[Records from a data collection]
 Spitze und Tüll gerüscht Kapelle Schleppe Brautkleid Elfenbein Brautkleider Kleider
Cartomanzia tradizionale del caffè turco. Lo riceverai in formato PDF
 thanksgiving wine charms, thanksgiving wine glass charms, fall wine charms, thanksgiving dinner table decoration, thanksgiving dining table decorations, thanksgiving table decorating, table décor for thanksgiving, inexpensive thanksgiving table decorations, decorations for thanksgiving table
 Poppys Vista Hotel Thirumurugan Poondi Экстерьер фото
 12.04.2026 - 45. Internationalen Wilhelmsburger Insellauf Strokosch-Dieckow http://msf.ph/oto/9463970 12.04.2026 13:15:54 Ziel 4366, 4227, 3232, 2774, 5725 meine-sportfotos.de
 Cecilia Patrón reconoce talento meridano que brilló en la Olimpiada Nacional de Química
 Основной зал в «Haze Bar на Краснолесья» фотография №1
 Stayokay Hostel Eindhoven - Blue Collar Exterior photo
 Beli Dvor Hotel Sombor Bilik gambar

Task objective: Output every entry again, exactly as given.

Response to this task:
 Spitze und Tüll gerüscht Kapelle Schleppe Brautkleid Elfenbein Brautkleider Kleider
Cartomanzia tradizionale del caffè turco. Lo riceverai in formato PDF
 thanksgiving wine charms, thanksgiving wine glass charms, fall wine charms, thanksgiving dinner table decoration, thanksgiving dining table decorations, thanksgiving table decorating, table décor for thanksgiving, inexpensive thanksgiving table decorations, decorations for thanksgiving table
 Poppys Vista Hotel Thirumurugan Poondi Экстерьер фото
 12.04.2026 - 45. Internationalen Wilhelmsburger Insellauf Strokosch-Dieckow http://msf.ph/oto/9463970 12.04.2026 13:15:54 Ziel 4366, 4227, 3232, 2774, 5725 meine-sportfotos.de
 Cecilia Patrón reconoce talento meridano que brilló en la Olimpiada Nacional de Química
 Основной зал в «Haze Bar на Краснолесья» фотография №1
 Stayokay Hostel Eindhoven - Blue Collar Exterior photo
 Beli Dvor Hotel Sombor Bilik gambar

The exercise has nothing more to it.